Alienrides is generously rewarding and promoting stupidity to advertise their shop and sell wheels.   They're struggling to sell their inventory with all the Telegram sellers, but using an illegal and dangerous event to advertise their store, and rewarding a guy who took more risks than anyone and pressured U-Stride to add additional risk to the event by racing for pinks... yeah, I don't think rewarding this guy or this type of event is the best way to promote the hobby. 

ARs was probably thinking, "it'll only cost us ~$2250 to ship out an EX30 and leach off of what might be the biggest news out of the EUC community this year".

AR should stick to closed circuit race events, and promote influencers who do cool shit that, at the very least, doesn't put unaware pedestrians at high risk of getting hurt / killed, or doesn't promote a complete lack of safety gear when they know full well the inherent risk of EUC cutout whether it be from overpowering or simple failure in the electronics.

While I'm not a huge fan of Eevees management, what AR just did effectively undermines everything Eevees has been doing to promote legal road use for EUCs.  It's hard to claim that EUCs need big powerful motors for safety or argue claims of them being a nuisance is exaggerated, when another EUC store is promoting this particular type of illegal race.

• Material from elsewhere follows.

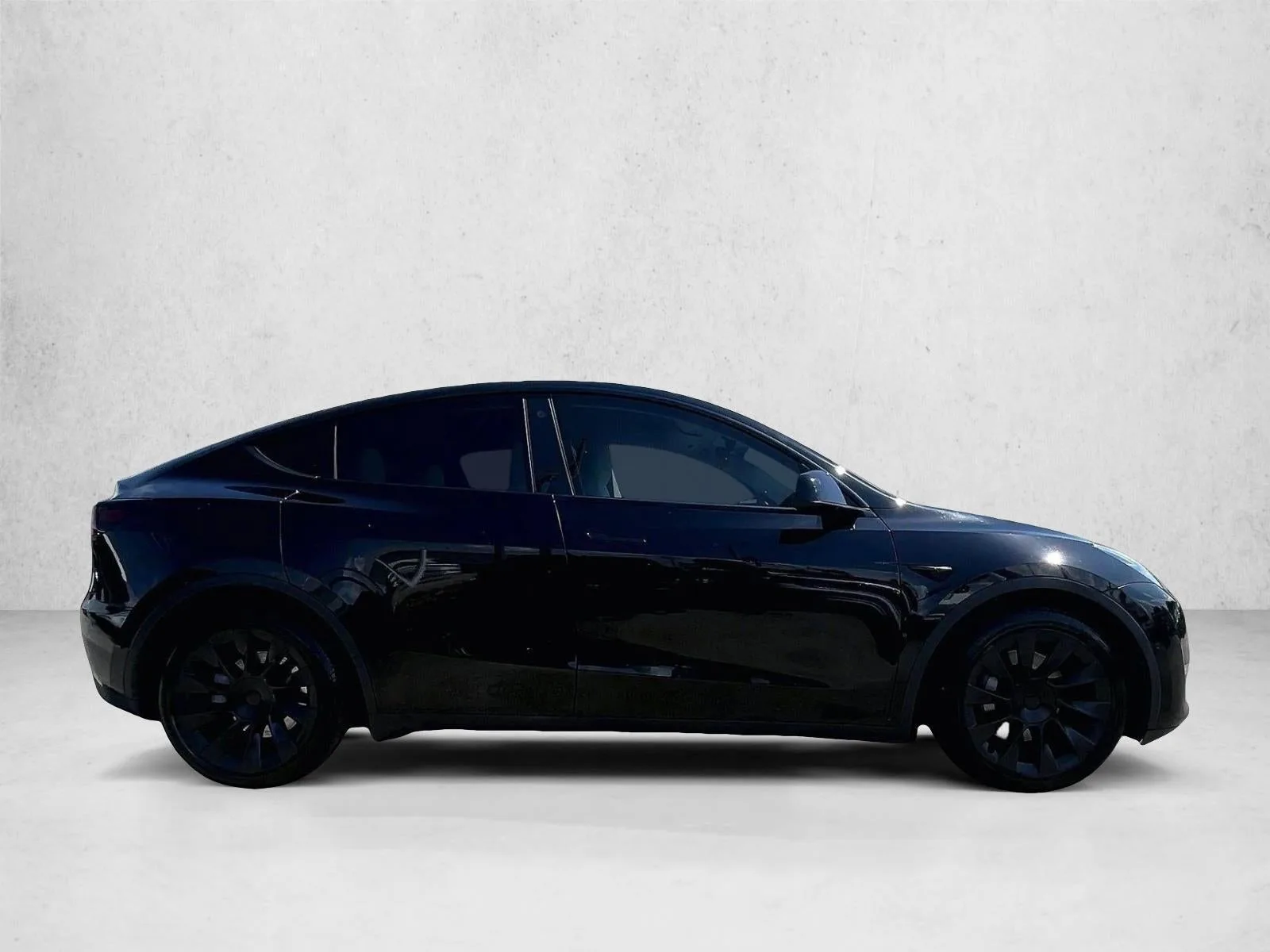 2022 Tesla Model Y Long Range photo 5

ARs also now made it impossible for U-Stride to do the right thing and pay up given that everyone universally agrees that he's in the wrong... possibly saving some measure of his reputation...  Or maybe he would just refuse and his reputation would be dead.

IMO, Blitz races were a good idea for the community.... right up until the moment Stride started selecting courses that put pedestrians directly in the path of fast moving EUC racers, and again right up until he accepted these stakes against the "for the love of the race" intentions of this whole thing.  I guess maybe he really thought voiding the stakes at the end of the race wouldn't come across as badly as it did.  Sorry, but that only works if you win.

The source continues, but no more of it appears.